Quatre mille délégués ont plaidé à Addis Abeba pour fusionner Premier ministre et président. Absent des débats, Abiy Ahmed pourrait obtenir le poste. Ce que cela change vraiment reste ouvert.

Et si le prochain tournant politique de l’Éthiopie ne se jouait plus seulement dans les urnes, mais dans la redéfinition même de la fonction qui dirige le pays ? Après plusieurs semaines de discussions, un dialogue national a plaidé pour la création d’un régime présidentiel. Ce projet pourrait renforcer les prérogatives et le contrôle du Premier ministre Abiy Ahmed sur un État d’Afrique de l’Est d’environ cent trente millions d’habitants. L’enjeu n’est pas abstrait. Il touche la manière dont le pouvoir exécutif serait désormais incarné, choisi et exercé.

Ce Que Le Dialogue National A Réellement Décidé

M. Abiy, cinquante ans, dirige le pays depuis 2018. Sa formation politique, le Parti de la prospérité, a largement remporté les élections législatives de juin, avec plus de quatre-vingt-dix pour cent des sièges, dans un climat marqué par la répression des voix dissidentes et des médias. Ces élections ont été suivies d’un dialogue national promis depuis plusieurs années. Quelque quatre mille délégués se sont réunis dans la capitale, Addis Abeba, pour discuter des nombreux défis du pays, en particulier de ses profondes divisions ethniques et des conflits armés en cours, notamment dans les deux régions les plus peuplées.

Au terme d’un mois de discussions parfois animées, qui s’est achevé le 22 août, les délégués ont soutenu à une écrasante majorité les projets visant à fusionner la fonction de Premier ministre et de président, jusqu’alors largement honorifique, en une nouvelle présidence exécutive. Le projet pourrait être soumis au Parlement dès sa rentrée en octobre. La plupart des observateurs estiment que M. Abiy, absent du dialogue, obtiendra le poste si le projet aboutit, car le nouveau président sera choisi par un Parlement dominé par ses partisans.

Repère

Quatre mille délégués. Un mois de débats. Une majorité écrasante pour fusionner deux fonctions jusqu’ici distinctes. Un calendrier parlementaire possible dès octobre.

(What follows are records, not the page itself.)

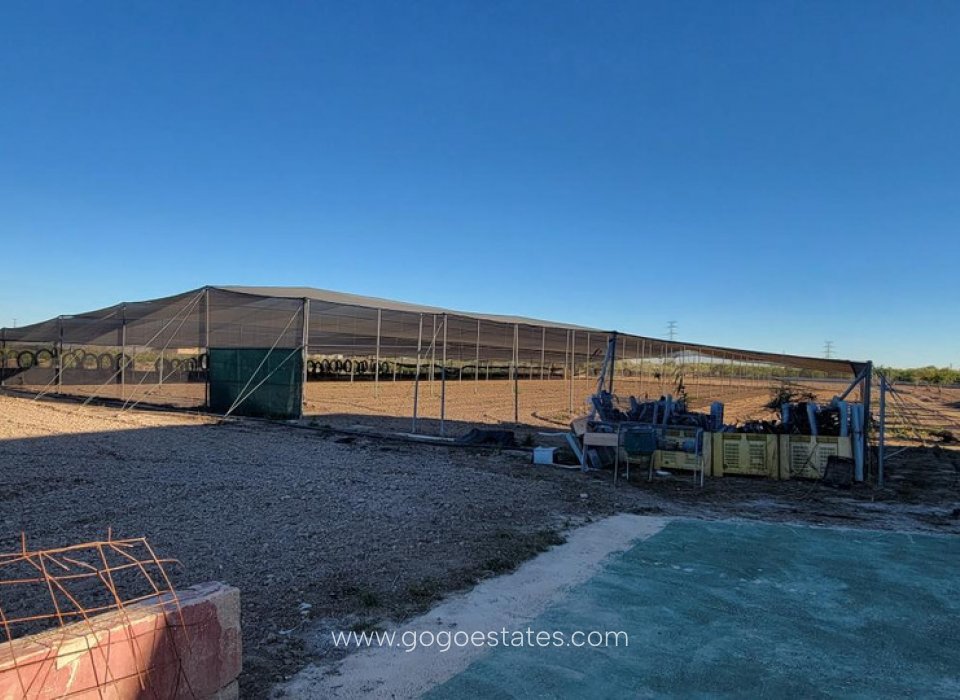 Venta - Casa - Finca - Cortijo - San Miguel De Salinas - San Miguel de Salinas Centro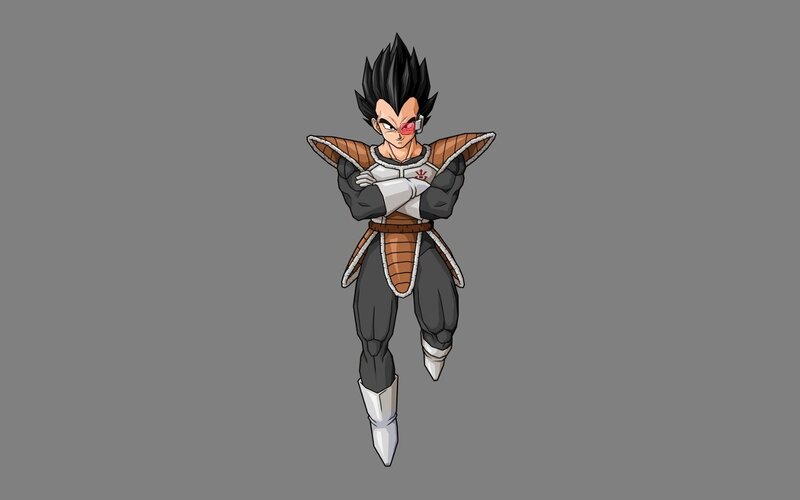Vegeta in Armor — Gray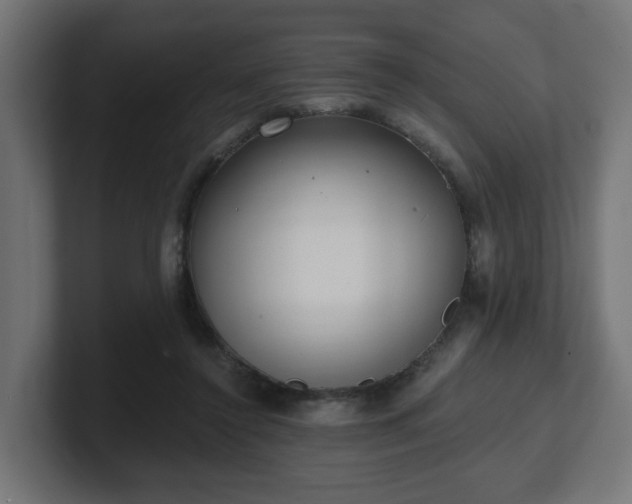 X0000101650356200807171258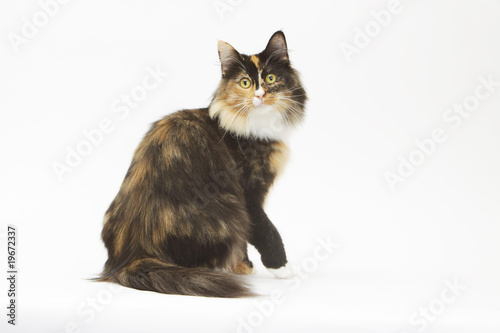 pose langoureuse d'un chat norvégien en studio - fond blanc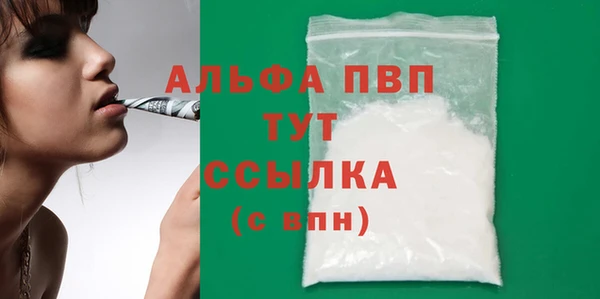 ГАЛЛЮЦИНОГЕННЫЕ ГРИБЫ Инта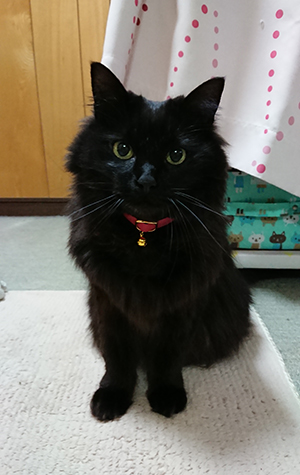 ピンクのセーフティ首輪をした長毛の黒猫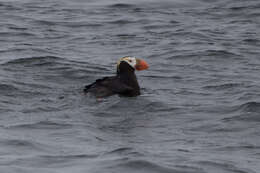 Image of Tufted Puffin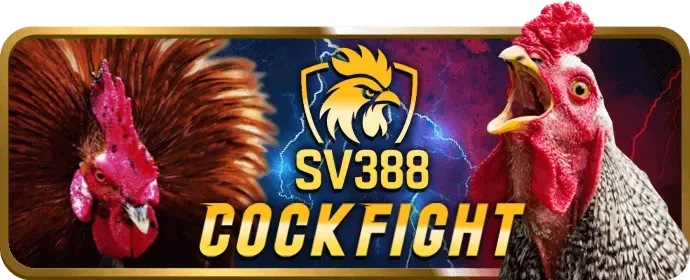 Cá cược thể thao J33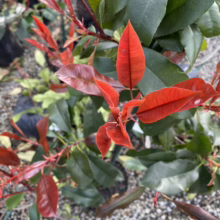 Close-up of a Red Robin Photinia shrub, showcasing its vibrant red new growth against a backdrop of glossy green mature leaves. The plant sits in a pot, surrounded by gravel.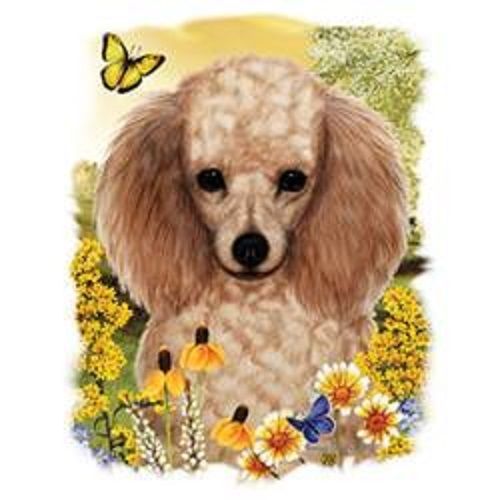 Honey Poodle Dog Floral HEAT PRESS TRANSFER PRINT for Shirt Sweatshirt 895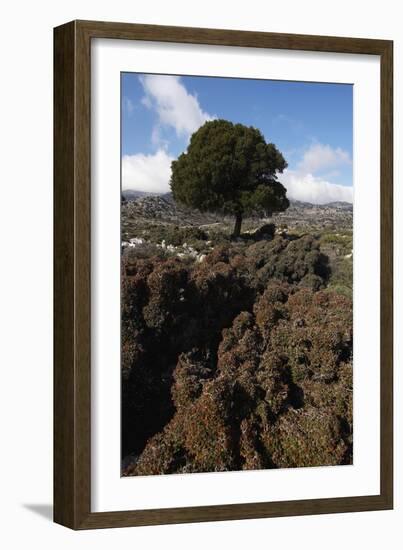Kermes Oak (Quercus Coccifera) Kritsa, Crete, Greece, April 2009-Lilja-Framed Photographic Print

Pourquoi Cette Fusion Des Fonctions Est Au Centre Du Débat

Jusqu’ici, le président occupait une place largement honorifique. Le Premier ministre concentrait déjà l’essentiel de l’action gouvernementale. Fusionner les deux fonctions revient à créer une seule figure au sommet, une présidence exécutive, plutôt que de maintenir une distinction entre un rôle symbolique et un rôle de conduite quotidienne des affaires. Les délégués ont appuyé cette voie à une écrasante majorité. Ce n’est pas un détail de vocabulaire. C’est un changement de architecture institutionnelle.

Cela créera un « pays plus unifié pour surmonter les défis auxquels la nation est actuellement confrontée », a déclaré Tiglu Melese, secrétaire général de la chambre haute du Parlement. Cette formule pose l’unité comme objectif. Elle présente la réforme comme un instrument pour affronter ce que le pays traverse déjà : divisions ethniques profondes, conflits armés, tensions persistantes. L’argument officiel n’est donc pas seulement technique. Il est politique et national.

Cela créera un pays plus unifié pour surmonter les défis auxquels la nation est actuellement confrontée.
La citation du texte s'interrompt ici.